By SETH S. HOROWITZ,
Published November 9, 2012
Here's a trick question. What do
you hear right now? If your
home is like mine, you hear the humming sound of a printer, the low throbbing
of traffic from the nearby highway and the clatter of plastic followed by the
muffled impact of paws landing on linoleum — meaning that the cat has once
again tried to open the catnip container atop the fridge and succeeded only in
knocking it to the kitchen floor.
The slight trick in the question
is that, by asking you what you were hearing, I prompted your brain to take
control of the sensory experience — and made you listen rather than just hear.
That, in effect, is what happens when an event jumps out of the background
enough to be perceived consciously rather than just being part of your auditory
surroundings.

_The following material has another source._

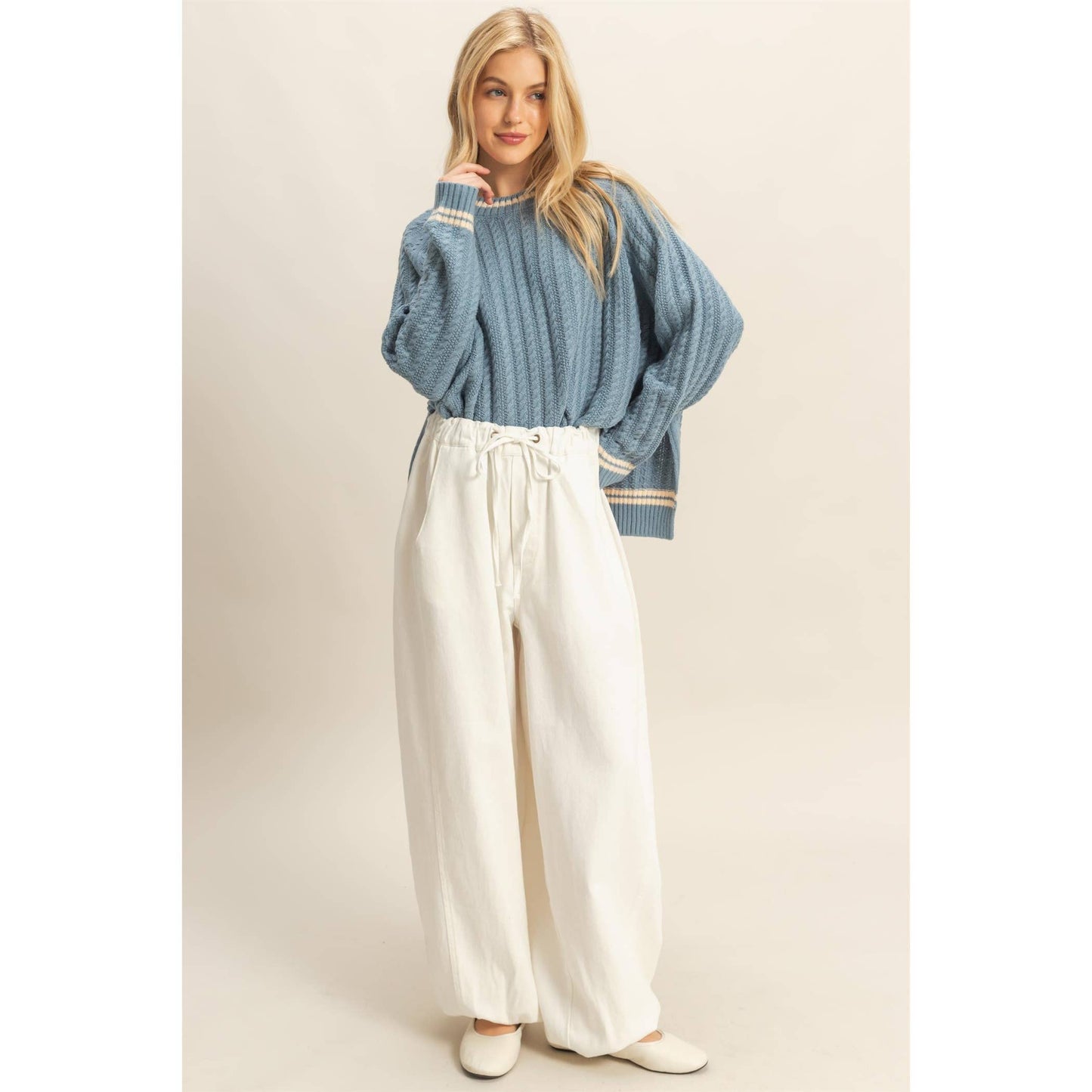 White Enzyme Washed Denim Jogger Pants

The difference between the sense of hearing and the skill of
listening is attention.
Hearing is a vastly underrated
sense. We tend to think of the world as a place that we see, interacting with
things and people based on how they look. Studies have shown that conscious
thought takes place at about the same rate as visual recognition, requiring a
significant fraction of a second per event. But hearing is a quantitatively
faster sense. While it might take you a full second to notice something out of
the corner of your eye, turn your head toward it, recognize it and respond to
it, the same reaction to a new or sudden sound happens at least 10 times as
fast.
This is because hearing has
evolved as our alarm system — it operates out of line of sight and works even
while you are asleep. And because there is no place in the universe that is
totally silent, your auditory system has evolved a complex and automatic
“volume control,” fine-tuned by development and experience, to keep most sounds
off your cognitive radar unless they might be of use as a signal that something
dangerous or wonderful is somewhere within the kilometer or so that your ears
can detect.
This is where attention kicks in.
Attention is not some monolithic
brain process. There are different types of attention, and they use different
parts of the brain. The sudden loud noise that makes you jump activates the
simplest type: the startle. A chain of five neurons from your ears to your
spine takes that noise and converts it into a defensive response in a mere
tenth of a second — elevating your heart rate, hunching your shoulders and
making you cast around to see if whatever you heard is going to pounce and eat
you. This simplest form of attention requires almost no brains at all and has
been observed in every studied vertebrate.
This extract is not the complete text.